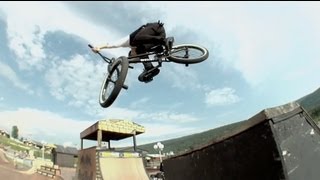 Cult BMX Woodward Session with Chase Hawk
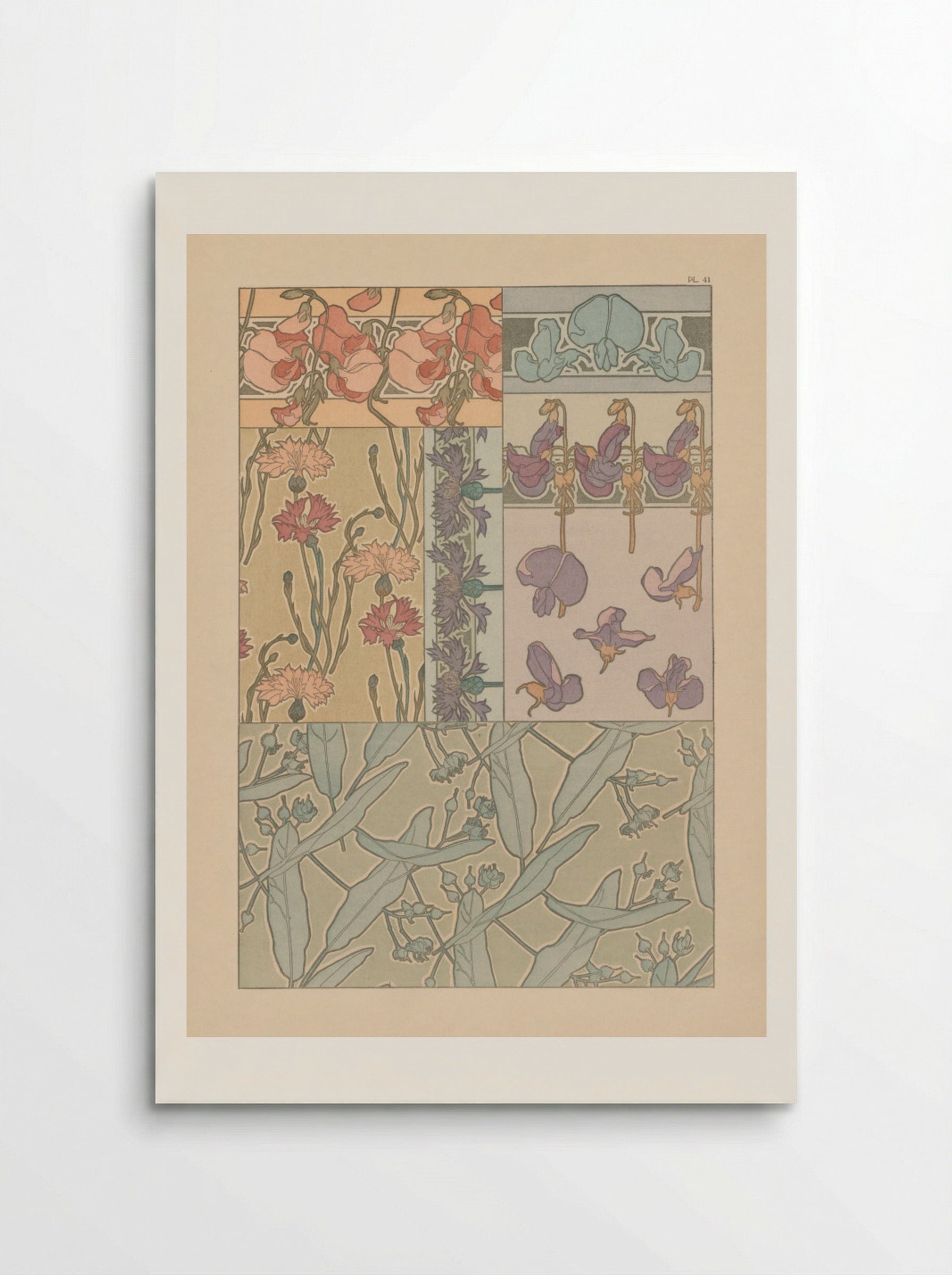 Documents Décoratifs: Plate 41 - Alphonse Mucha - Poster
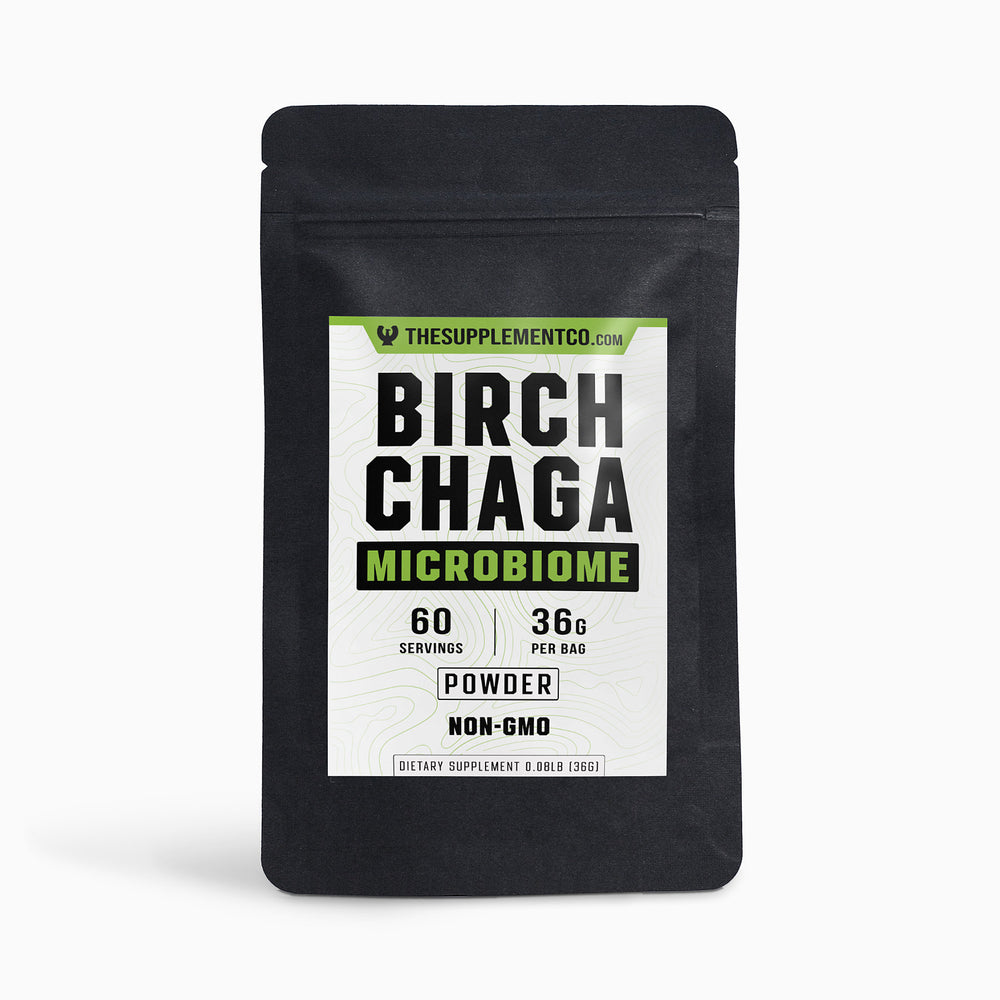 
                  
                    Birch Chaga Microbiome Wellness Powder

> **ACTION ITEM**: Word for word, reproduce all the data, but not the pictures.

> **RESPONSE BELOW**:
 Cult BMX Woodward Session with Chase Hawk
 Documents Décoratifs: Plate 41 - Alphonse Mucha - Poster
                  
                    Birch Chaga Microbiome Wellness Powder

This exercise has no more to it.